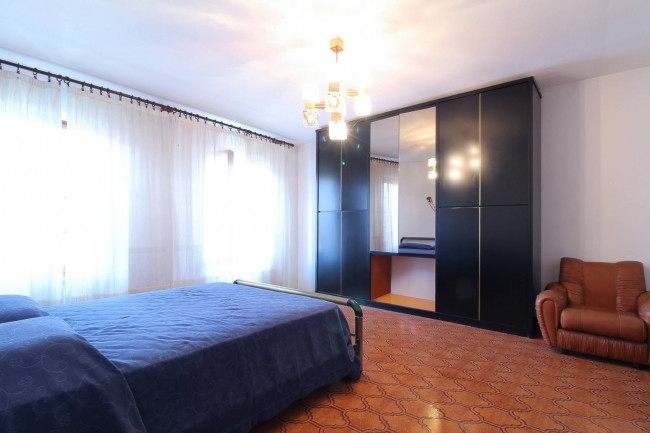 Casa singola in vendita a Sale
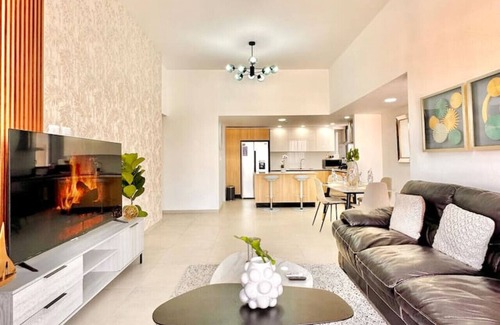Viejo Arroyo Hondo Appartement | Stunning 2BR Condo, Gym, Pool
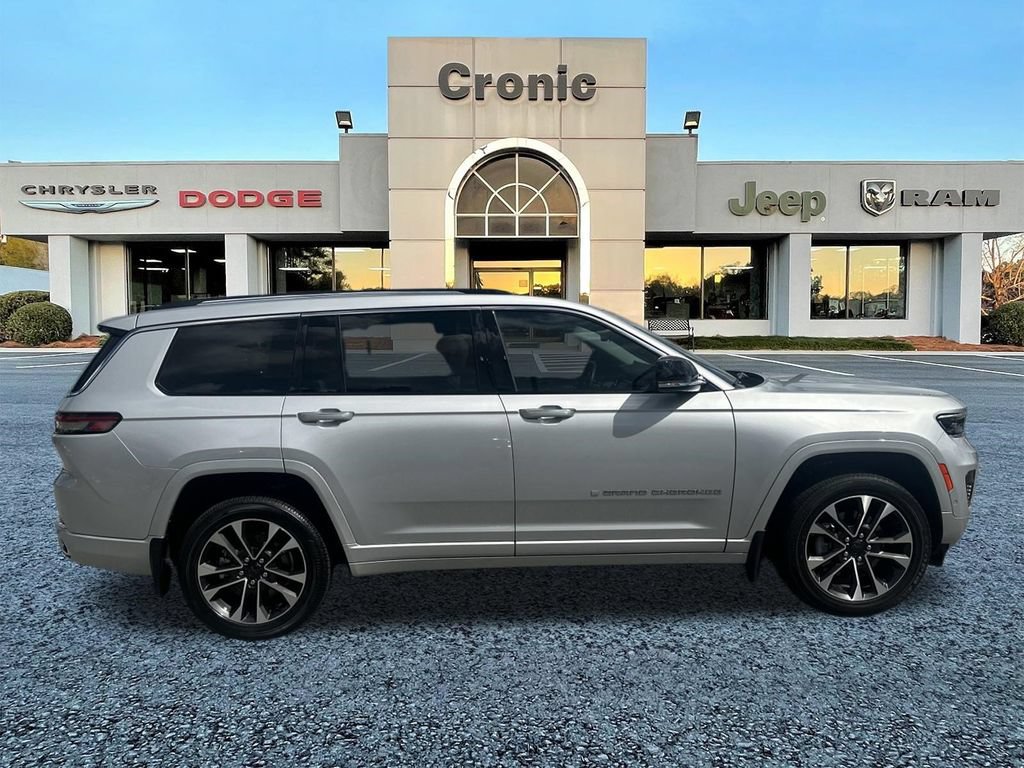 Used 2022 Jeep Grand Cherokee L Overland w/ Luxury Tech Group IV RWD image 2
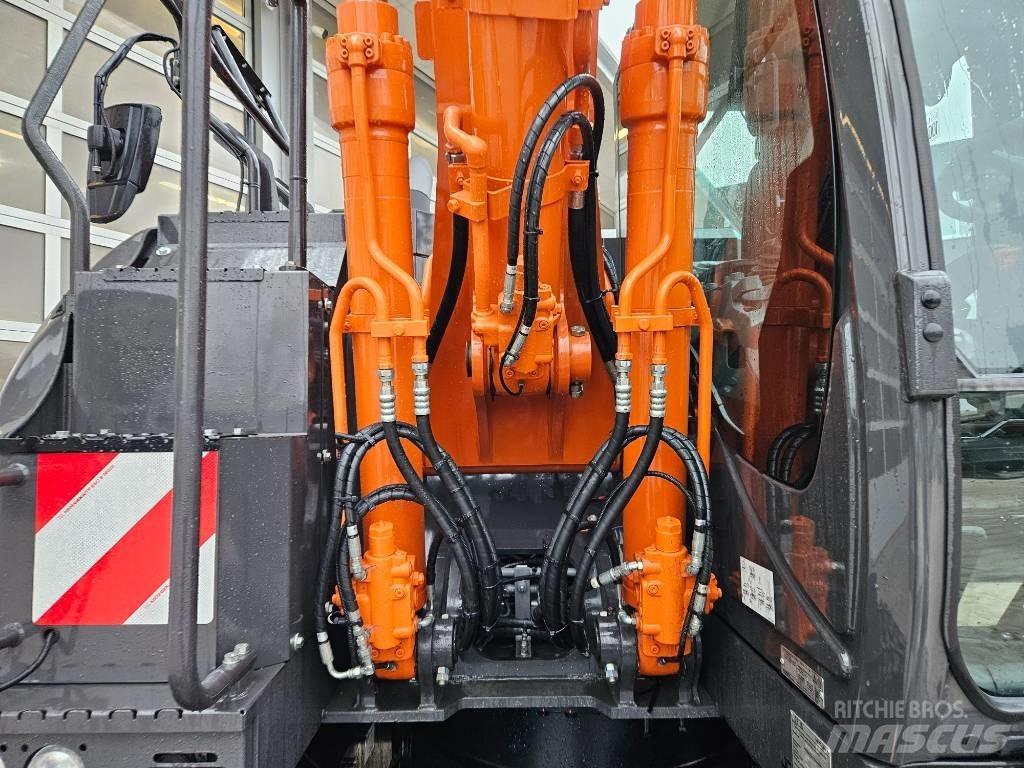 Hitachi ZX150W-7 Ekskavatori uz riteņiem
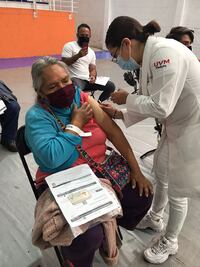 Universitarios se unieron para que doña Petri recibiera dosis antiCovid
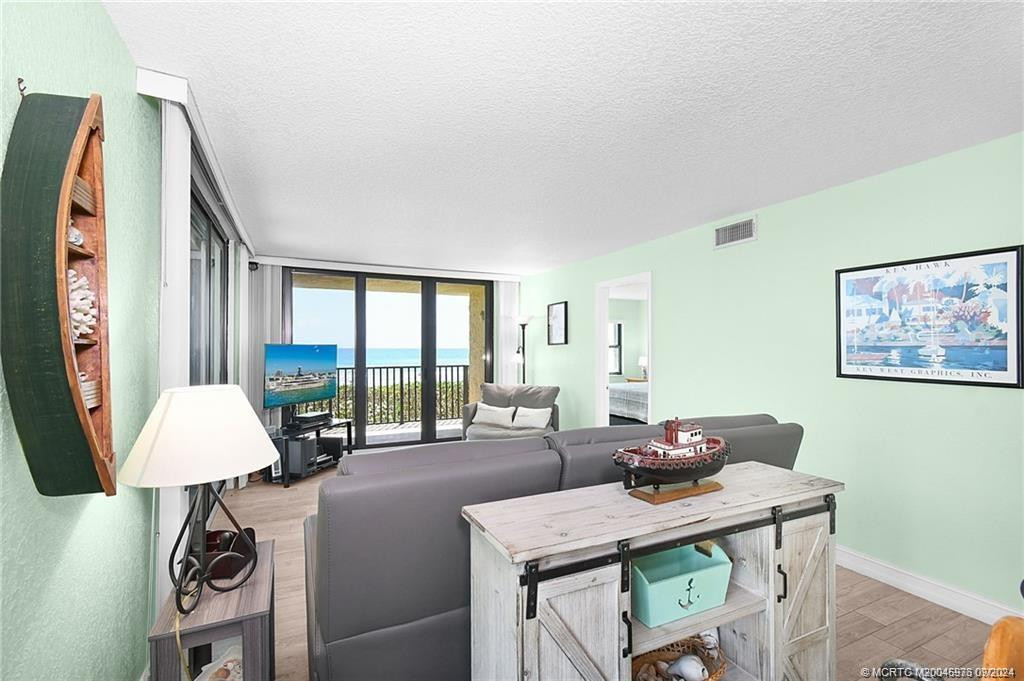 M20046976 Property Photo 13
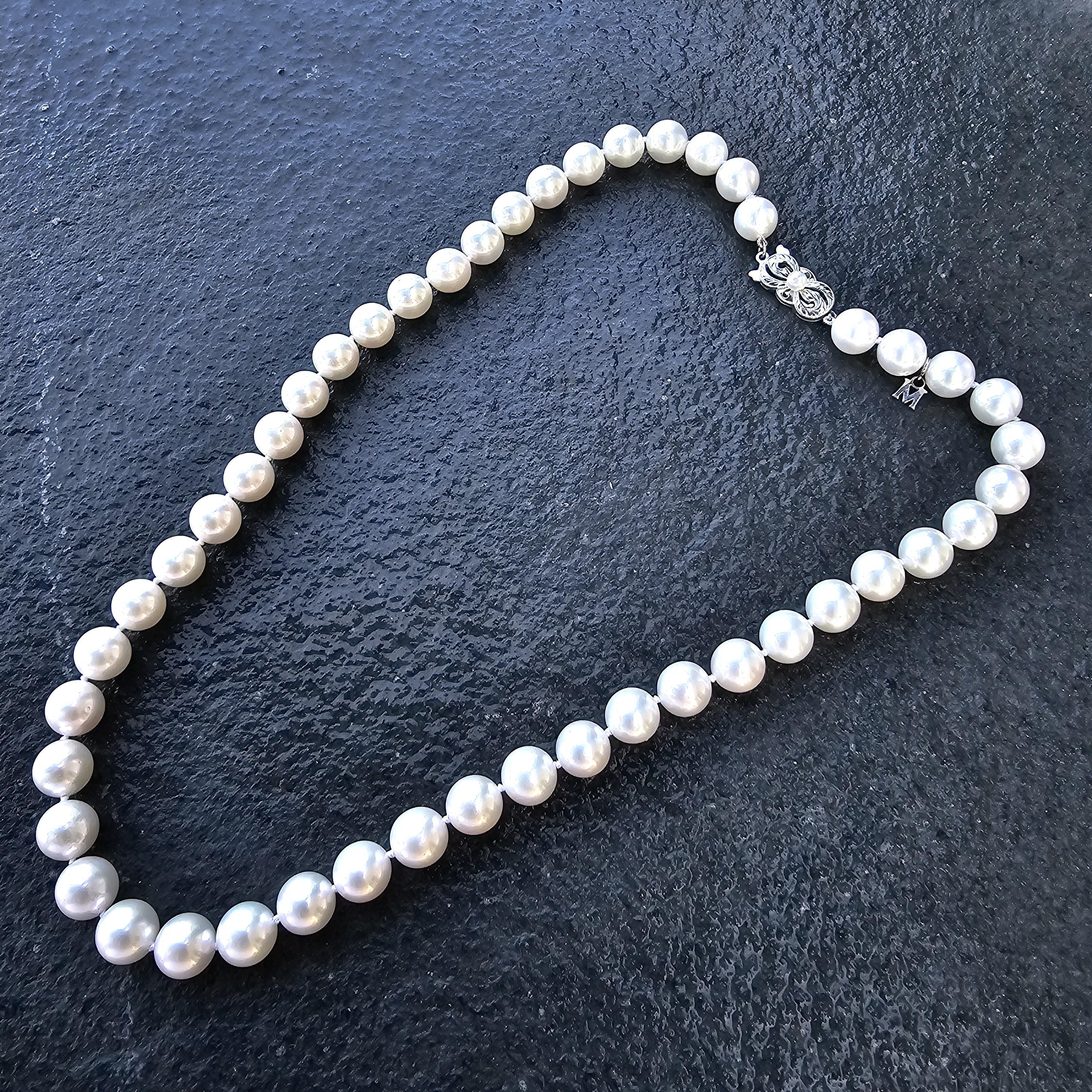 Mejora tu colección con este exquisito collar de perlas Mikimoto. El collar exhibe lustrosas perlas, cada una de ellas meticulosamente ensartada para crear una pieza de elegancia atemporal. Elaborada con oro blanco de 18 quilates, ofrece un toque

================

§ Task:
Retype all the records shown above, character for character. Omit every picture.

§ Your solution:
 Casa singola in vendita a Sale
Viejo Arroyo Hondo Appartement | Stunning 2BR Condo, Gym, Pool
 Used 2022 Jeep Grand Cherokee L Overland w/ Luxury Tech Group IV RWD image 2
 Hitachi ZX150W-7 Ekskavatori uz riteņiem
 Universitarios se unieron para que doña Petri recibiera dosis antiCovid
 M20046976 Property Photo 13
 Mejora tu colección con este exquisito collar de perlas Mikimoto. El collar exhibe lustrosas perlas, cada una de ellas meticulosamente ensartada para crear una pieza de elegancia atemporal. Elaborada con oro blanco de 18 quilates, ofrece un toque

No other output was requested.